62-latek bardzo się starał, żeby trafić za kratki. W końcu dopiął swego

i

Autor: slaska.policja.pl 62-latek bardzo się starał, żeby trafić za kratki. W końcu dopiął swego

Kryminalne

62-latek bardzo się starał, żeby trafić za kratki. W końcu dopiął swego

W ostatnich tygodniach jeden z mieszkańców Kalet robił wszystko, aby znaleźć się notesach mundurowych, a finalnie trafić za kratki. Lista przestępstw w tak krótkim czasie jest u niego naprawdę długa i bardzo zróżnicowana.

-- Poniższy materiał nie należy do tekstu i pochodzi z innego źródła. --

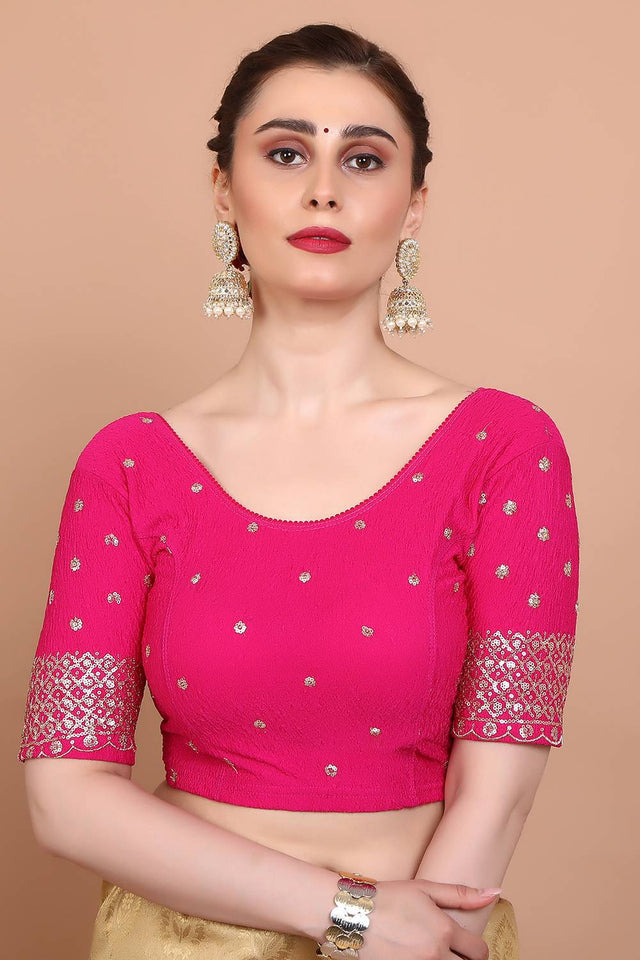 Pink Embroidered Lycra Blouse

Wszystko tak naprawdę zaczęło się w maju, kiedy jechał pijany swoim audi. Mężczyzna wpadł wtedy w ręce mundurowych dzięki kobiecie, która go zgłosiła, a której nie oszczędził bardzo wulgarnych słów. Na początku maja dopuścił się również kradzieży roweru. Konsekwencjami po zatrzymaniu się nie przejął, bowiem na przełomie maja i czerwca pięciokrotnie zatrzymano go, kiedy prowadził auto bez wymaganych uprawnień. W trzech przypadkach był nietrzeźwy.

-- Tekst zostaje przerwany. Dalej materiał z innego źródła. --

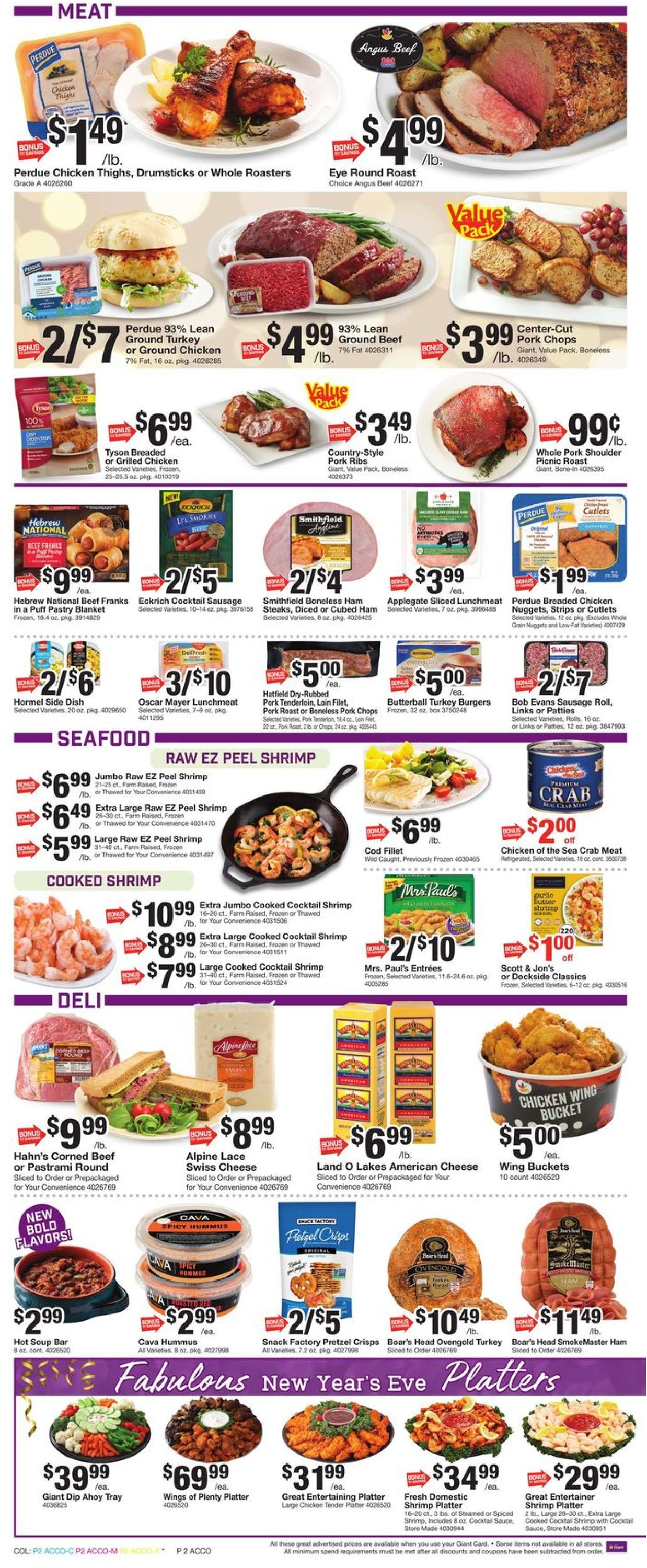 Catalogue Giant Food - New Year's Ad 2019/2020 from 12/27/2019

Jak się okazało, 62-latek dopiero się rozkręcał. Na początku czerwca znowu postanowił zabrać coś, co do niego nie należało. Kolejna kradzież roweru wartego kilkaset złotych skończyła się pobytem w policyjnej celi. To przeważyło. W ubiegłą środę sąd przychylił się do wniosku policjantów z Kalet i prokuratora stosując wobec mężczyzny tymczasowy areszt. Kolejne miesiące 62-latek spędzi za kratami. Za wszystkie przestępstwa w więzieniu może spędzić nawet kilka lat.